» Activity: Write only the number of lines in the data that include the word "Hello".

-------- Records to process --------

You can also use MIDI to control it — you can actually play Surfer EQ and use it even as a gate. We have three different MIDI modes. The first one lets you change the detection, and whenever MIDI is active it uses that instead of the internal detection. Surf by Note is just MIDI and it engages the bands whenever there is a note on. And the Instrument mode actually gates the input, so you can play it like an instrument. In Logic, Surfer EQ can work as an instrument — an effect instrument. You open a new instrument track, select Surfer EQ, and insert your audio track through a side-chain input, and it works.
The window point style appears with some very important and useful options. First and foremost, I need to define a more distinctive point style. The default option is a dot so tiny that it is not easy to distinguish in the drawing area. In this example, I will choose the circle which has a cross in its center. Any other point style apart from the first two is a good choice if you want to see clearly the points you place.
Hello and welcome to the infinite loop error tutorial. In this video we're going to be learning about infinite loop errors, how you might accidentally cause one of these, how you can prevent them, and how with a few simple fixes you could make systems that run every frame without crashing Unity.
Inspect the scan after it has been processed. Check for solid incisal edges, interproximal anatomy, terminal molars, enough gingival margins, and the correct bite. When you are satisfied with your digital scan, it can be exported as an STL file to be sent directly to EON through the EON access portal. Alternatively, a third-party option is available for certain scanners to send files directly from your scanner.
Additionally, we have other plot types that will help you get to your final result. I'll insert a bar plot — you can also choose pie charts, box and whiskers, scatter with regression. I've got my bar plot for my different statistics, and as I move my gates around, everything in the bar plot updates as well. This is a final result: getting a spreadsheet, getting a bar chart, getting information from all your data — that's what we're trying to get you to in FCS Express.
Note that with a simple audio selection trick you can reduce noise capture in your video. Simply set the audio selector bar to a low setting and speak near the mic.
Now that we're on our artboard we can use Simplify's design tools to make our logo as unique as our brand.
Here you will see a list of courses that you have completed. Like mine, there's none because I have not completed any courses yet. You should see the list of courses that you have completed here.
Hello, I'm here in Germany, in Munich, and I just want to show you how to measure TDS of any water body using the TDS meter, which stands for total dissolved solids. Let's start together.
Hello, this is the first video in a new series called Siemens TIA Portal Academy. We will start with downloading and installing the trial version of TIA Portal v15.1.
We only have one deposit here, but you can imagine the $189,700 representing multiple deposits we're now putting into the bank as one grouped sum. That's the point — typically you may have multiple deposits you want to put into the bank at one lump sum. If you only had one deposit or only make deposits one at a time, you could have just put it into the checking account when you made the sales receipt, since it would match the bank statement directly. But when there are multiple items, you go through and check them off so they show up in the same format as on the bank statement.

--------

» Output for this task: 3